Mila Arak was the founder of Arakism, and is still revered as the primary holy figure of the religion's history, short of the Goddess. She is also notable for being one of the primary figures of the revolution that led to the formation of the Izeran Empire, and is therefore also considered integral to the state's creation. Over her life, Mila gained a reputation as a prolific writer, turning out several thick texts and treatises on a wide variety of subjects in a relatively short period of time, all while managing her proverbial flock. She is especially well-loved by historians and archaeologists, as she kept meticulous records of both her daily life and thoughts, as well as significant events related to the revolution, the Autocracy and the establishment of her religion.
Despite Mila's many detailed records and books, there are still gaps in what is known and what can be verified. Mila rarely wrote about herself, and so most of the information gathered about her comes from her personal recollections or from later depictions of her in various religious texts, many of which are heavily embellished.
Mila grew up on a farm in a rural part of Akanda not far from what would eventually become known as Szera City. She was the eldest of three siblings, with two younger brothers, and took responsibility for the family's well-being after her parents both succumbed to disease. Their farm was small and under-equipped, and as a result they were unable to rotate the crops effectively. Eventually, they were unable to pay their expenses and had to sell the land and move to the city. Once in the city, they quickly found themselves homeless and without any money, but found refuge with a community of fellow homeless people, who took them in and helped them as best they could.
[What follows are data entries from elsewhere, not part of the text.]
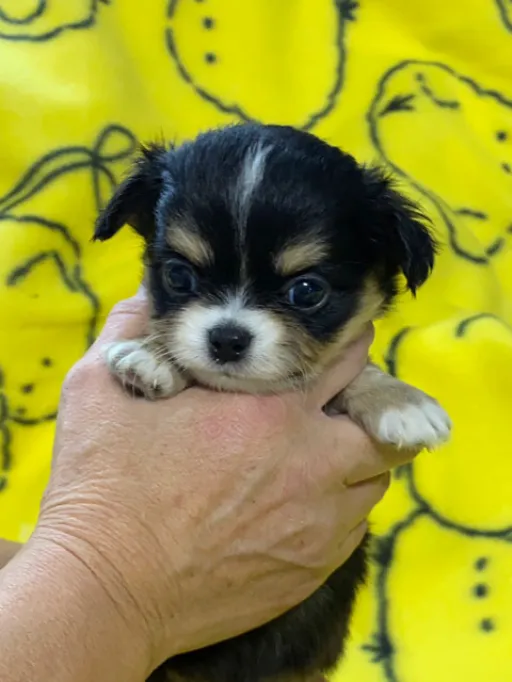 チワワの子犬販売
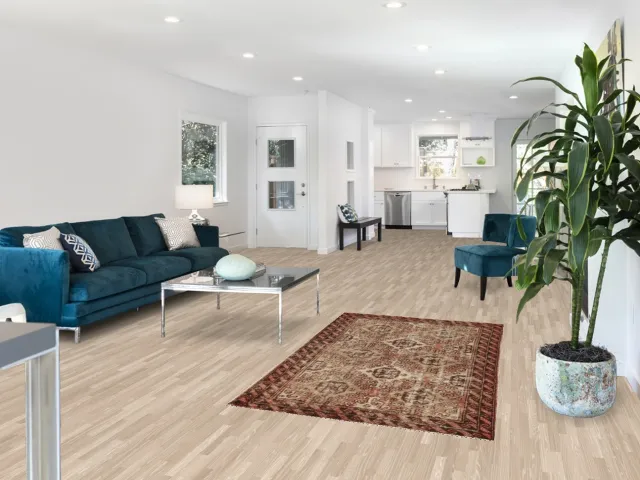 https://image-static-obj.rugsource.com/small/117184_2311744_5119119c.jpeg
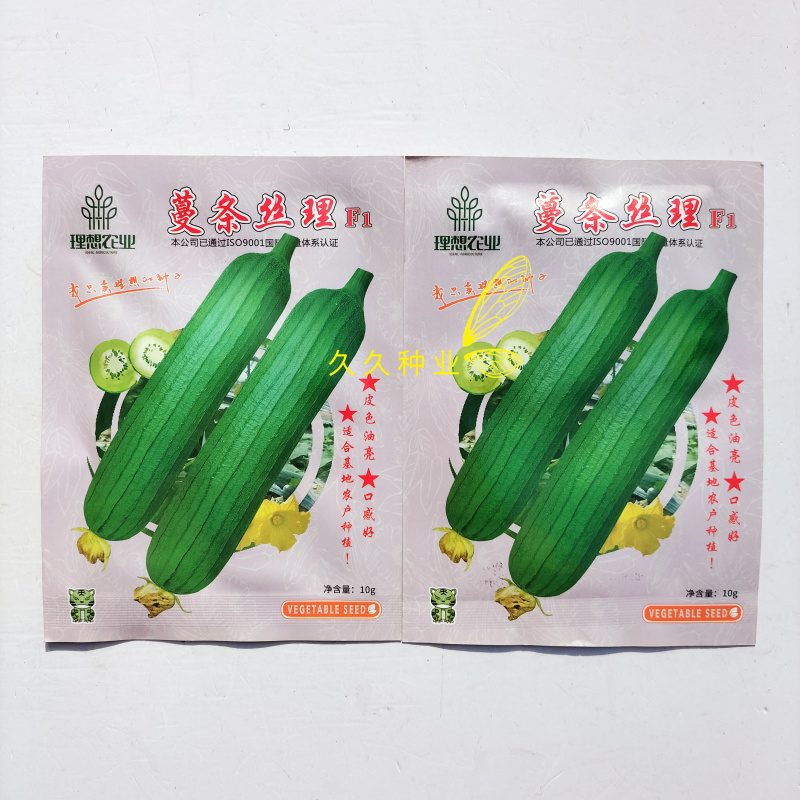 蔓条丝理F1短油皮丝瓜种籽高产抗病春秋耐热盆栽油亮早熟
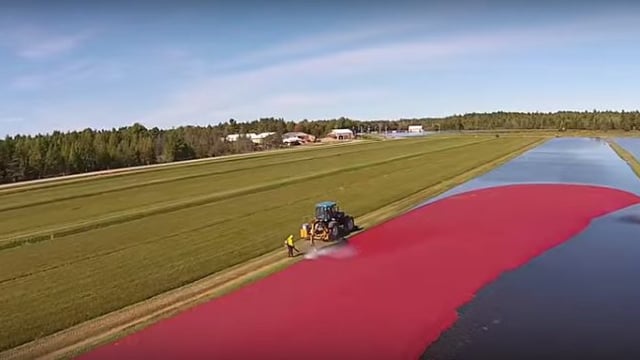 Video: Ever wondered what a 320ac cranberry harvest looks like?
Cultist & RevolutionaryEdit
Little is known of or said about the fates of Mila's siblings or how exactly she began Arakism. What information exists suggests that she eventually parted ways with her younger brothers on poor terms, and that she first began preaching the Word of Therra after a vaguely defined "spiritual experience" involving a "cohesive series" of "intense dreams." Regardless, it is known that, by the time she reached adulthood, Mila was a charismatic social reformer, considered a radical by the government as she preached a message that resonated strongly with the impoverished, the disenfranchised and the exploited. The word Arakism only came into use a few years before the revolution, as her religion became especially popular among the working poor. It was at this time that she first met Nijar Szera, and although she described him in her journal as a "hard-headed fool," she soon came to respect him and gladly worked with him towards their common goal of overthrowing the Republic.
As the name "Mila Arak" became associated with the revolution, Arakism exploded in popularity, especially as revolutionaries seized radio and television stations, allowing her to regularly preach to the entire planet. A few days after the Akandan Republic had finally been disposed of, Mila held an enormous prayer meeting in the capital building. By then, nearly ever person on Akanda had converted, and as Nijar began reorganizing the state, Mila set about organizing her newly-christened state religion. Her first holy text, The Dictates of Therra, was finished, printed and massively distributed throughout Akanda - and even to the colonies - within the first year of the Autocracy. Several other, shorter texts followed not long after, and Mila even wrote several political essays endorsing the new government. As the organization of ecclesia and state proceeded, Mila saw the need for religious unity under the Autocracy, and conferred with Nijar before releasing the first of five volumes entitled Truth and Destiny, which aimed to unify both Arakism and the various peoples of the Autocracy.
Later Years & LegacyEdit
As the proverbial dust cleared and the state stabilized, Mila worked tirelessly to enhance and preserve Arakism, publishing several more texts and overseeing the construction of Ecclesia buildings throughout Akanda, and even on the other worlds. The Prophetess named Nijar Szera and several others as her closest friends, and even reconnected with her estranged brothers, but never married, had no children and left no record of any lovers. Even so, she is known to have been very close to several young people whom she regarded as her adopted children, and she chose her successor from among them. Mila later presided over Nijar's funeral, blessed his successor and lived to see the Szera Autocracy form into the Izeran Empire. She died in 3165, having spent her last years still fighting for religious unity.